Search code examples
regexregex-lookarounds

Sentence case in wiki articles using AutoWikiBrowser


I am trying to put the text of articles of a wiki in sentence case with AutoWikiBrowser (AWB) (an automated editor that handles regexes find and replace, but not all functions are available).

The problem is that wikicode uses many different tags to format text and there are also templates (inside double curly brakets), images (inside [[File:image.png|Caption]]) and categories (inside [[Category:Category name]]) that should stay untouched. Acronyms should stay in capitals too.

Section titles (inside two to five equal signs) should be put in sentence case, and words in links (inside double square brakets) should be treated as normal text.

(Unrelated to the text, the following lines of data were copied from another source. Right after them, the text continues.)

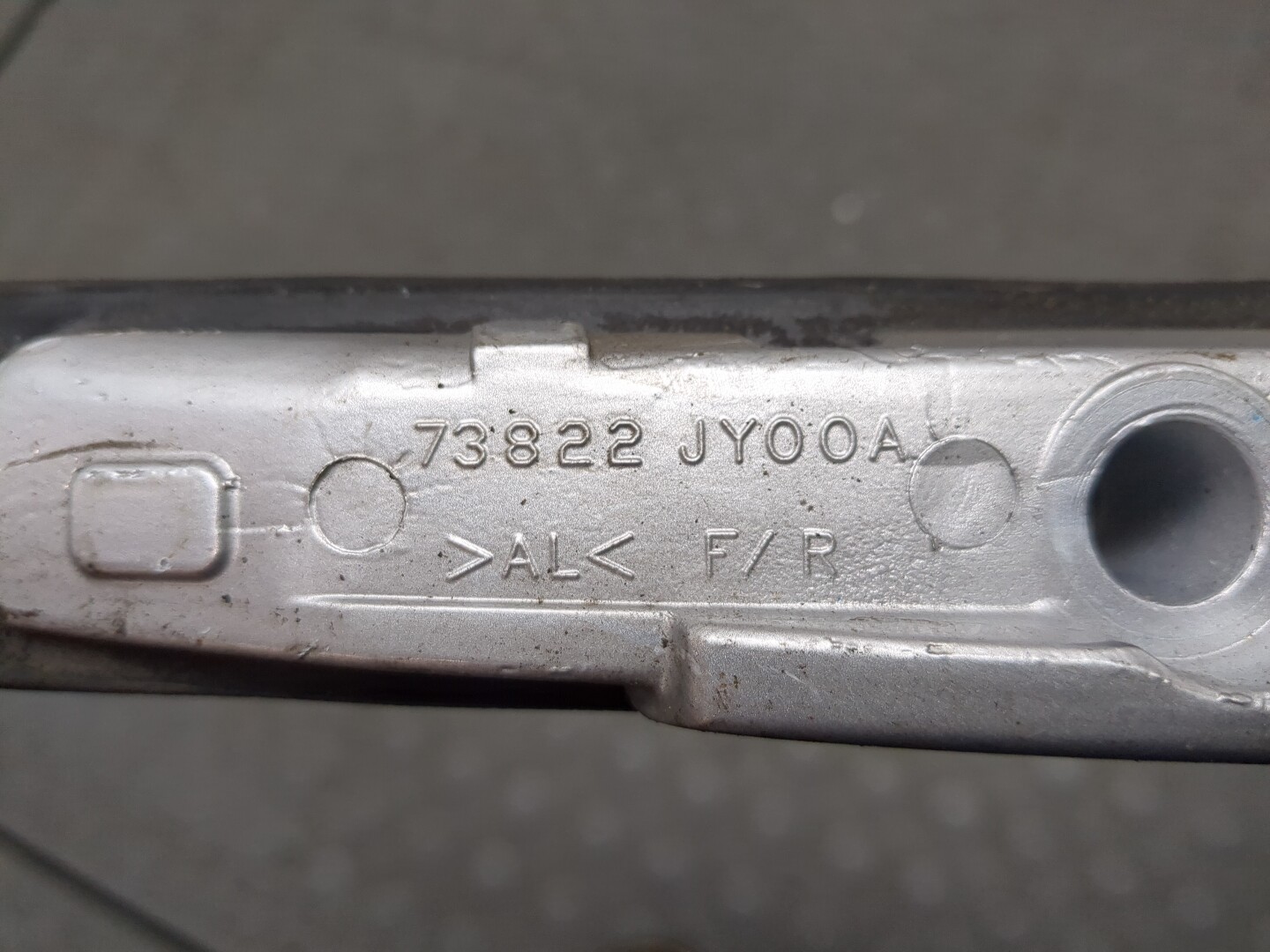 Рейлинг (релинг) правый (планка на крышу)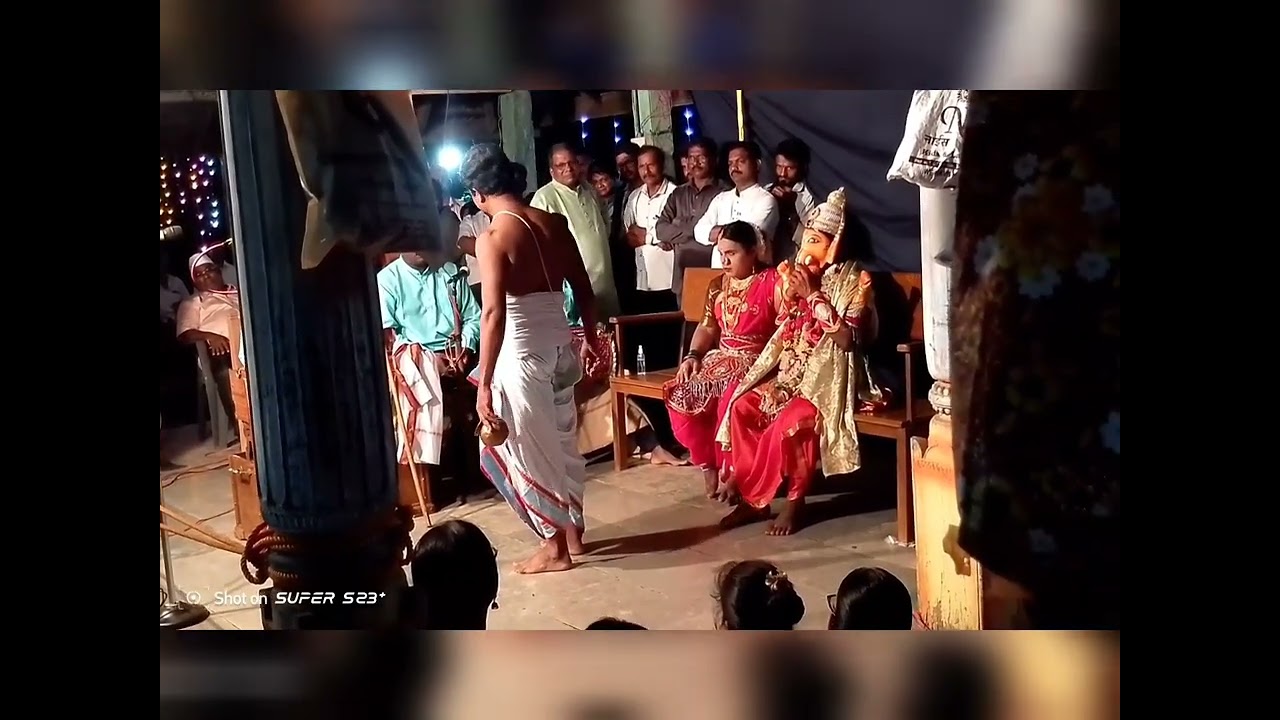 बाळकृष्ण गोरे दशावतार नाट्य मंडळं कवठी या नाटका मध्ये प्रथमच भटजीच्या भूमिकेत प्रकाश राणे 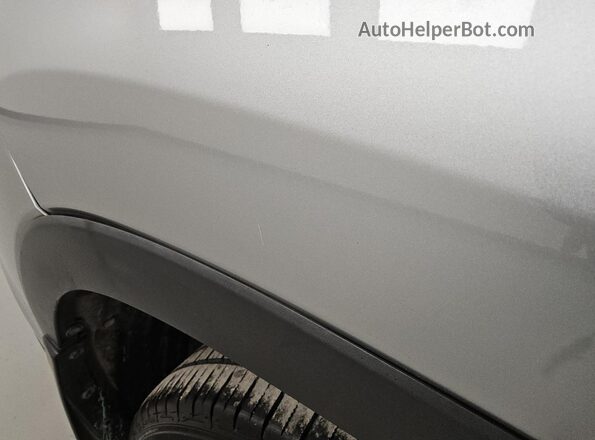 5TDKZRFH5JS538076 2018 TOYOTA HIGHLANDER Silver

I am having trouble because I'm not familiar with positive/negative lookahead/lookbehind, and I cannot find a way to make the regex simple, without having to write all the possible syntaxes.

Also, if it is possible for AWB to do several regexes in a row, it is not really feasible here, because for example I cannot make a regex to match words in the main text AND not inside templates (or I didn't find a way to do so).

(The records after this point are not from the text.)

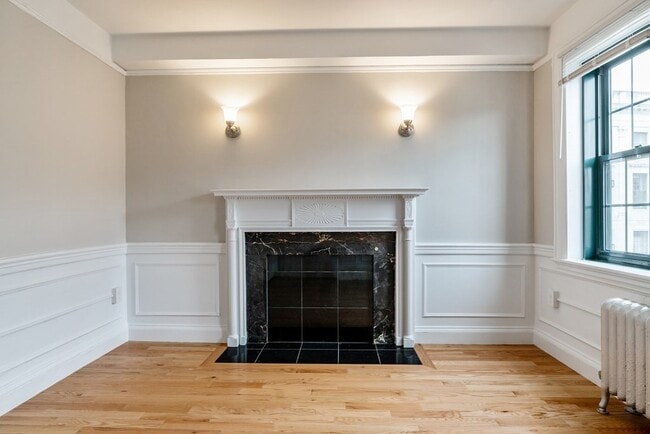 Building Photo - 124 Bowdoin St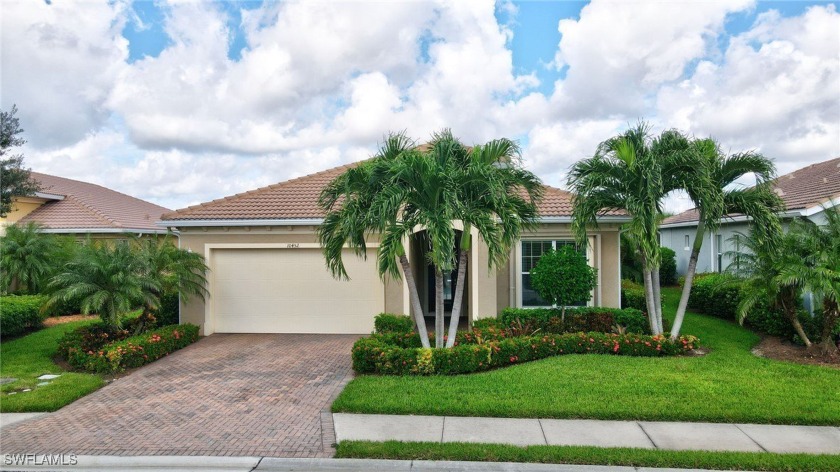 This breathtaking 3+ den/3 bath 2201 sq. ft. home offers the - Beach Home for sale in Fort Myers, Florida on Beachhouse.com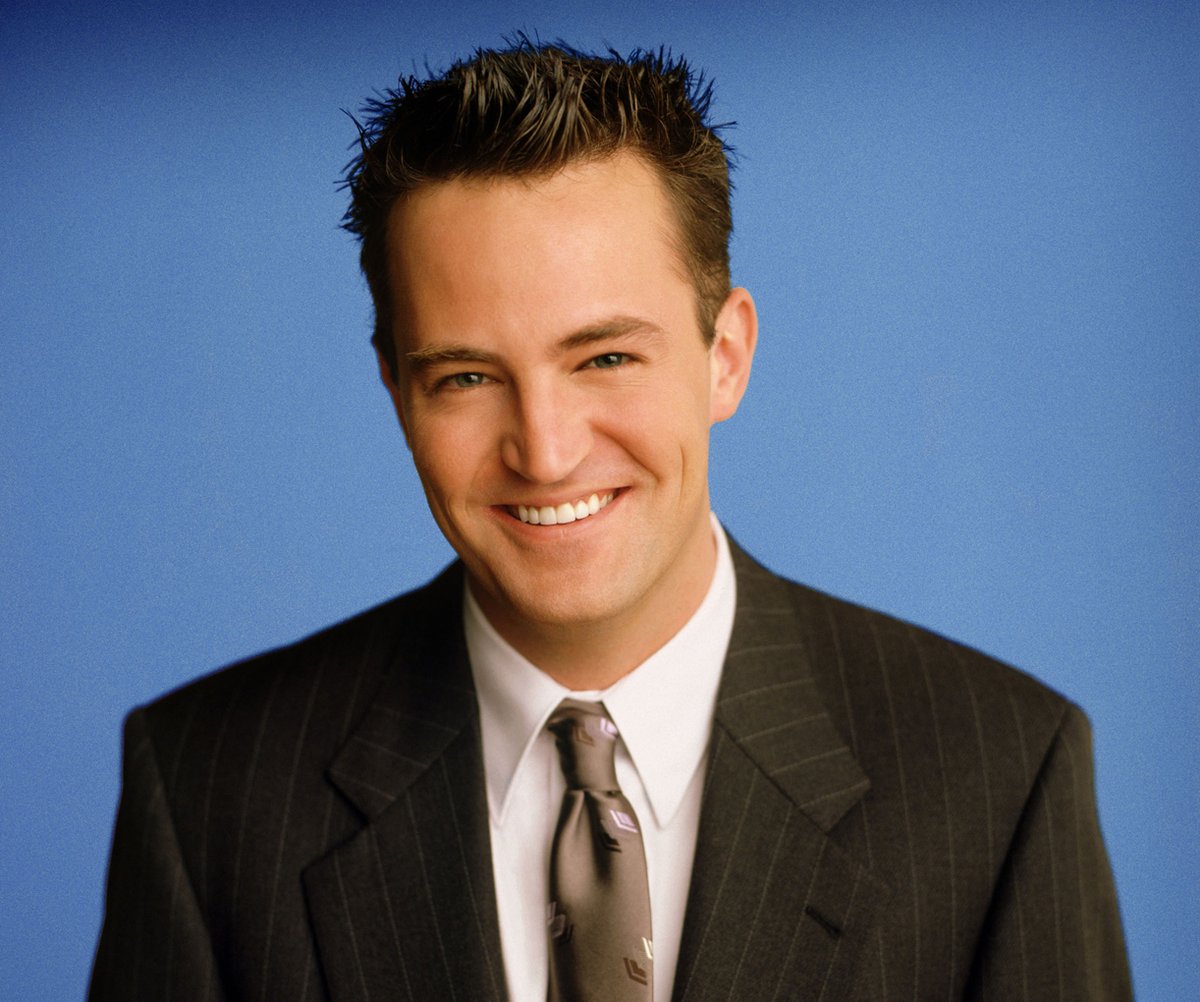 DiverCityMx's tweet photo. #GQFriends Cómo vestíamos en los 90, según Chandler Bing https://t.co/I1LxgSTP1i Vía GQSpain https://t.co/SAVvlFtNHH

Note that the case modifier \L doesn't work in AWB, but it can be replaced by {{subst:lg:}}, so don't mind about it and use \L in your examples, I'll adapt the code myself. Some tokens like \h doesn't work either, unfortunately I don't know what regex library AWB is using.

Here is an example of an article I want to edit, I want to match only the Yes:

No Yes no Yes. No, Yes.
== No Yes no ==
==== No Yes ====
[[No Yes]] Yes Yes no no no.
No no [[NO Yes]].
'''[[No Yes]]'''
''[[No Yes]]'' no Yes ''[[Yes Yes]]'' no ''Yes no''.
{{No:No|No No}}
* No Yes.
* '''No Yes'''.
* [[No Yes]].
* '''[[No Yes]]'''.
# No Yes.
#** No Yes.
#: No Yes.
No no no [[File:No.png|No No]] Yes [[Yes Yes]].
[[Category:No No]]

For example, I tried to use this regex: Find: (?<!\n|\. |\[\[Category:|\[\[File:)(?<!\{\||\{\{|^\[\[|<!--|^== |^=== |^==== |^===== |^''|^''')(\b[A-Z][a-z]*\b)(?![\w\s]*[\}|}]|[\w\s]*-->) Replace: \L$1

But it seems overly complicated and it's not working like I'd like too.

Sorry if this seems complicated, but I'm trying for two days now and I seem to be running in circles...

[EDIT]

The question has been answered blow, but I'd like to add a request: can this regex work only outisde of multiline comments (inside <!-- / --> tags) and tables (inside {| / |} tags)?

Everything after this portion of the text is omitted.